We want students to enter college with certain skills, such as the ability to approach problems analytically and with a keen sense of curiosity.  Instead, more often than not, we are confronted with large numbers of students who are ill-prepared or, worse still, who have become fearful of science and mathematics.  How can those of us in higher education help to improve the quality of science and mathematics education in grades K-12 so that more students become interested in careers in science and technology, non-majors are motivated to take courses in those areas, and all students are more comfortable with quantitative problem-solving?  Further, how can we develop partnerships with K-12 teachers, schools of education, and members of the community (including physicians, other health professionals, and engineers) to train teachers and provide them with more professional development opportunities?

First, we must examine what teachers need.  Instructors at all levels must have the confidence to teach science, including the background, interest, and creativity to lead exercises that require design and analysis.  Second, we must mobilize our institutions so that we become partners in teacher preparation across our campuses and with K-12 schools.  If we are to succeed, we must view teacher education as a joint responsibility that is fully supported by the entire institution and its leadership.  The involvement of disciplinary faculty with schools of education and K-12 schools must be recognized and rewarded.  We can also engage our students in work with schools, providing technological support and assistance in conducting demonstrations and other "service-learning" experiences for individuals and student organizations.  We must reorganize our campuses to provide an atmosphere of mutual enterprise designed to prepare the best teachers, who in turn will help train subsequent generations.  All of these efforts must be based on trust, an understanding of K-12 schools, and a desire to work with education faculty and K-12 teachers.  Success also requires that superintendents, principals, vice presidents and deans support and value these partnerships.

The American Council on Education recently wrote to the presidents of all colleges with teacher education programs, calling for them to assign teacher preparation a high priority.  Unfortunately, this letter largely has been ignored.  Perhaps the presidents will begin to respond when their graduates fail basic licensure exams, such as PRAXIS I and II. 
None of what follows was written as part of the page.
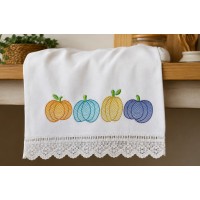 Colorful Pumpkin Embroidery Design 3 Sizes 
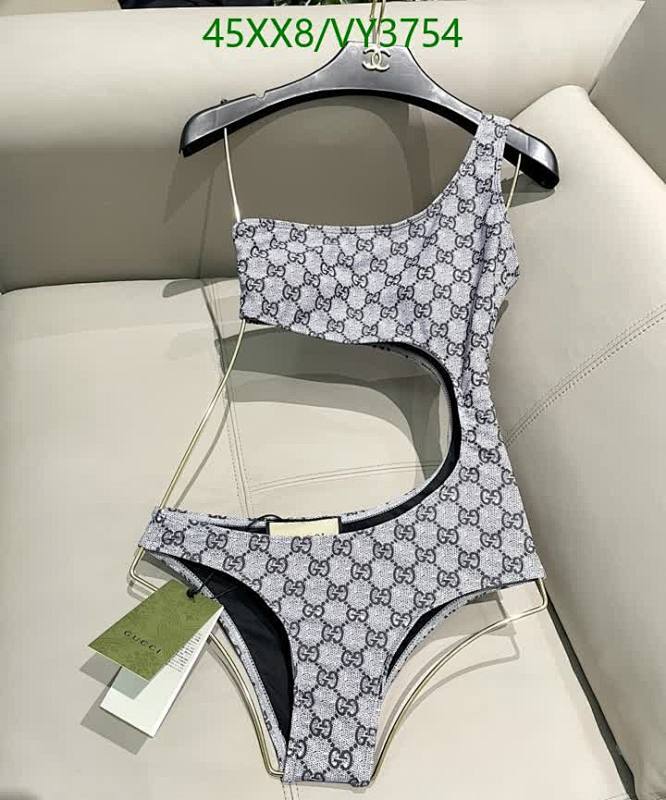 Gucci One-Shoulder Monogram Swimsuit - Stylish Cut-Out Design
It will require strong and visible leadership within universities and state systems to produce the kind of K-16 (or 18 or 20) connections we need to improve science and mathematics education.  The driving factor is not accountability---it is responsibility.

The university of the future will be organized to prepare teachers via the dedicated commitment of its faculty.  We will be focused on defining the content, character, and delivery of what we collectively believe is needed for teachers at various levels.  We will seek research funding with K-12 schools in mind.  Faculty across campus will be invested in providing the best and most varied instruction possible.  More of our faculty and students will visit K-12 schools and more K-12 teachers will visit our campuses, contributing to discussions about the curriculum, becoming involved in our programs, or participating in research.  I am delighted to participate in and facilitate such collaborations with faculty, other deans and a vice president in a structured way across an entire campus.  Such efforts are not only possible, they are essential.

Reference

1.  National Science and Technology Council.  2000.  Ensuring a strong U.S. scientific, technical and engineering workforce in the 21st Century.  National Science and Technology Council, 34 p.